The function prototype looks like this:

def predict_levels(ds_name, levels_rel, levels_op, levels, prediction_parameters, item=None):
    - Get current slice
    - Check if prediction file is up-to-date
    - if not (re-)create prediction file
    - get min, max, avg, stddev from prediction file for current time
    - compute levels from that by applying levels_rel, levels_op and levels
    - return levels


c) Implementing dynamic levels in several checks

From the existing variety of different checks it should be clear that there
can be no generic way of enabling dynamic levels for *all* checks. So we
need to concentrate on those checks where dynamic levels make sense. Such
are for example:

CPU Load
CPU Utilization
Memory usage (?)
Used bandwidth on network ports
Disk IO
Kernel counters like context switches and process creations

Those checks should get *additional* parameters for dynamic levels. That way the
current configuration of those checks keeps compatible and you can impose an ultimate
upper limit - regardless of dynamic computations.
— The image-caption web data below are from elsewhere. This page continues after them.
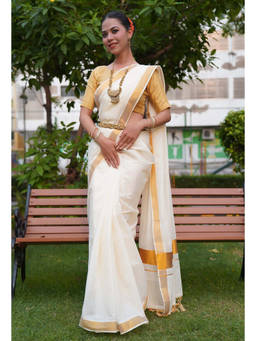 Shobitam - Off White Kerala Kasavu Zari Border Wrap In 1 Minute Saree with Unstitched Blouse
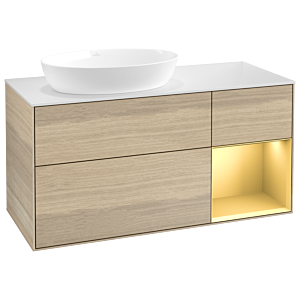 Villeroy und Boch Finion Waschtischunterschrank GA51HFPC 120cm, Abdeckplatte white matt, Emotion, Regale Gold matt lacquer, Oak Veneer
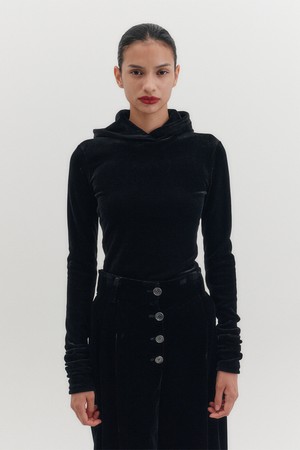 후디 롱 슬리브 티셔츠 - 블랙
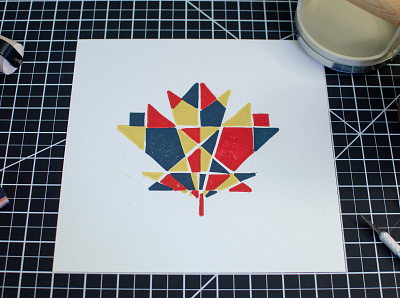 Maple Leaf Block Print geometric handmade illustration leaf linocut maple new england print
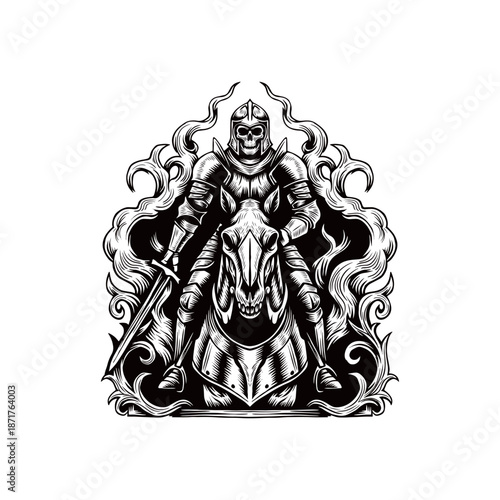 black and white hand drawn illustration of a knight on horseback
Some of those checks need to be converted from a simple tuple to a dictionary based
configuration in order to do this. Here we must make sure that old tuple-based
configurations are still supported.


d) WATO rules for dynamic levels

When the user is using dynamic levels for a check then he needs to (or better:
can) specify many parameters, as we have seen. All those parameters are
mostly the same for all the different checks that support dynamic levels. We
can create a helper function that makes it easier to declare such parameters
in WATO rules.

Checks that support upper *and* lower levels will get two sets of parameters, because
the logic for upper and lower levels might differ. But the need to share the same
parameters for the prediction generation (slicing, etc) so that one prediction file
per check is sufficient.


e) PNP Templates

Making the actually predicted levels transparent to the user is a crucial point
in the implementation. An easy way to do this is to simply add the predicted
levels as additional performance values. The PNP templates of the affected
checks need to detect the availability of those values and add nice lines to
the graph. 

This is easy - while having one drawback: The user can see predicted levels
not before they are actually applied. The advantage on the other hand is that
if parameters for the prediction are changed then the graph still correctly
shows the levels that had been valid at each point of time in the past.